> **Task item**
For this exercise, copy the data exactly and omit any images.

> **Supplied entries**
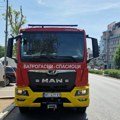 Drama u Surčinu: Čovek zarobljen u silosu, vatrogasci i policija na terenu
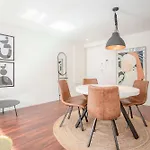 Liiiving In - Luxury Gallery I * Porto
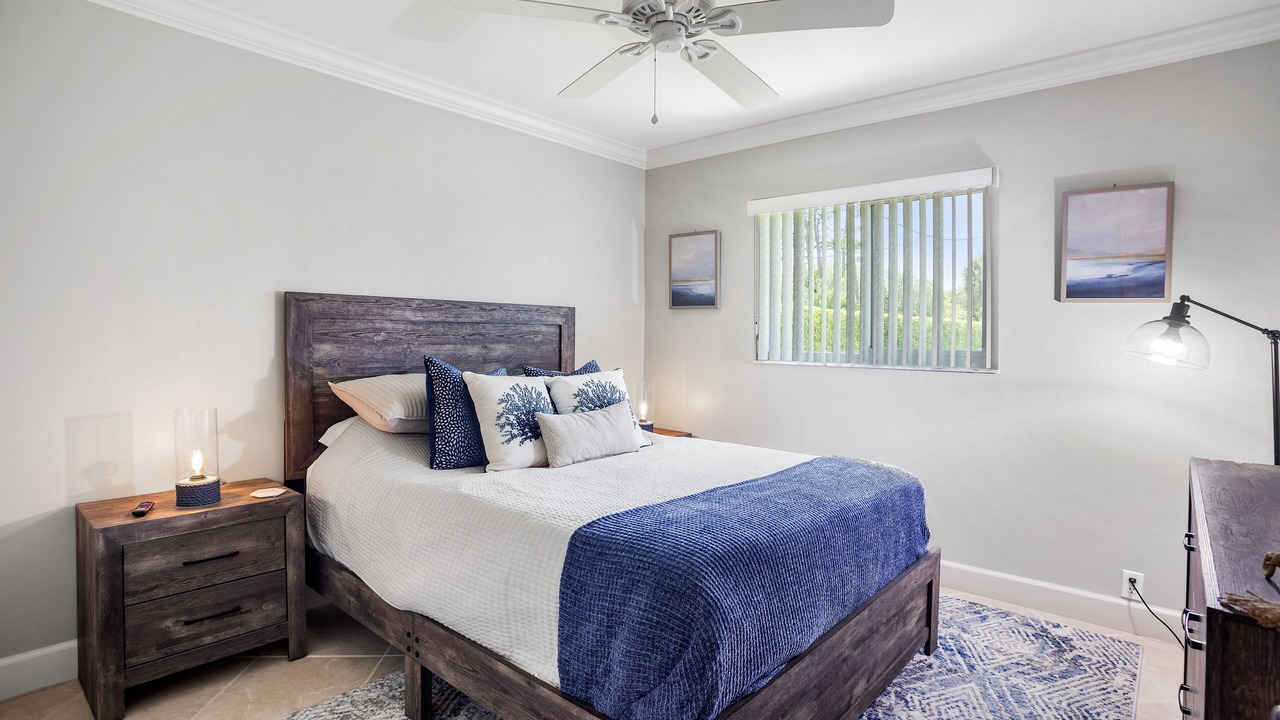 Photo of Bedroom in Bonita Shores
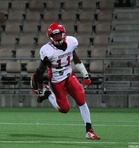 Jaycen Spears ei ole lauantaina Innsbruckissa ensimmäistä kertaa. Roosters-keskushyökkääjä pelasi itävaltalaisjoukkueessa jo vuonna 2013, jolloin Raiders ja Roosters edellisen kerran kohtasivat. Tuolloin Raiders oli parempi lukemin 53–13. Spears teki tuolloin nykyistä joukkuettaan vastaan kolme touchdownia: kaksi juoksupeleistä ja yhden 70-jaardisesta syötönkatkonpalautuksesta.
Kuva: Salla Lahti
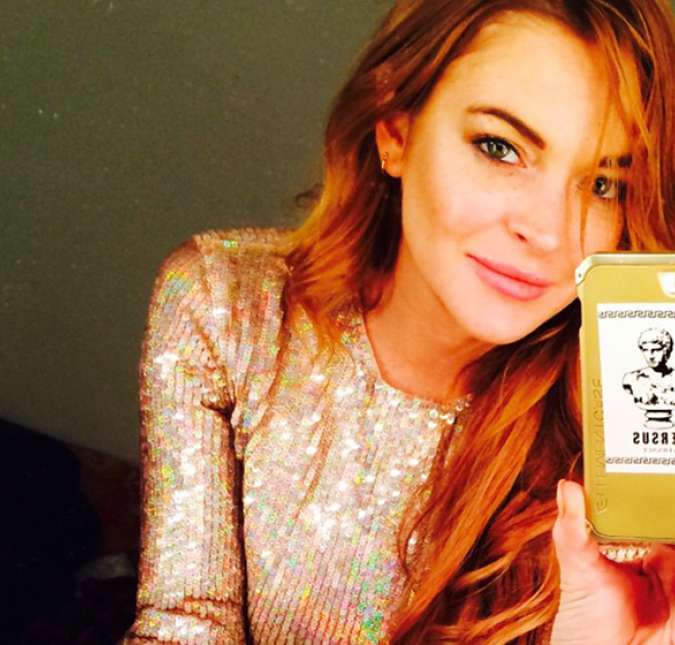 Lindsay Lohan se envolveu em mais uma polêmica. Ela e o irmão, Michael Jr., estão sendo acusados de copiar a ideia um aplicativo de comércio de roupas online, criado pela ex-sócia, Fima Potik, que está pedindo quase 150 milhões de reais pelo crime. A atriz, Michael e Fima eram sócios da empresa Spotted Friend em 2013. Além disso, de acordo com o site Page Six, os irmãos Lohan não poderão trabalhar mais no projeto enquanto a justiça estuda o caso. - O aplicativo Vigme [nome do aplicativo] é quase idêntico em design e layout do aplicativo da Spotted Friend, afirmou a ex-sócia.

> **Exercise result**
 Drama u Surčinu: Čovek zarobljen u silosu, vatrogasci i policija na terenu
 Liiiving In - Luxury Gallery I * Porto
 Photo of Bedroom in Bonita Shores
 Jaycen Spears ei ole lauantaina Innsbruckissa ensimmäistä kertaa. Roosters-keskushyökkääjä pelasi itävaltalaisjoukkueessa jo vuonna 2013, jolloin Raiders ja Roosters edellisen kerran kohtasivat. Tuolloin Raiders oli parempi lukemin 53–13. Spears teki tuolloin nykyistä joukkuettaan vastaan kolme touchdownia: kaksi juoksupeleistä ja yhden 70-jaardisesta syötönkatkonpalautuksesta.
Kuva: Salla Lahti
 Lindsay Lohan se envolveu em mais uma polêmica. Ela e o irmão, Michael Jr., estão sendo acusados de copiar a ideia um aplicativo de comércio de roupas online, criado pela ex-sócia, Fima Potik, que está pedindo quase 150 milhões de reais pelo crime. A atriz, Michael e Fima eram sócios da empresa Spotted Friend em 2013. Além disso, de acordo com o site Page Six, os irmãos Lohan não poderão trabalhar mais no projeto enquanto a justiça estuda o caso. - O aplicativo Vigme [nome do aplicativo] é quase idêntico em design e layout do aplicativo da Spotted Friend, afirmou a ex-sócia.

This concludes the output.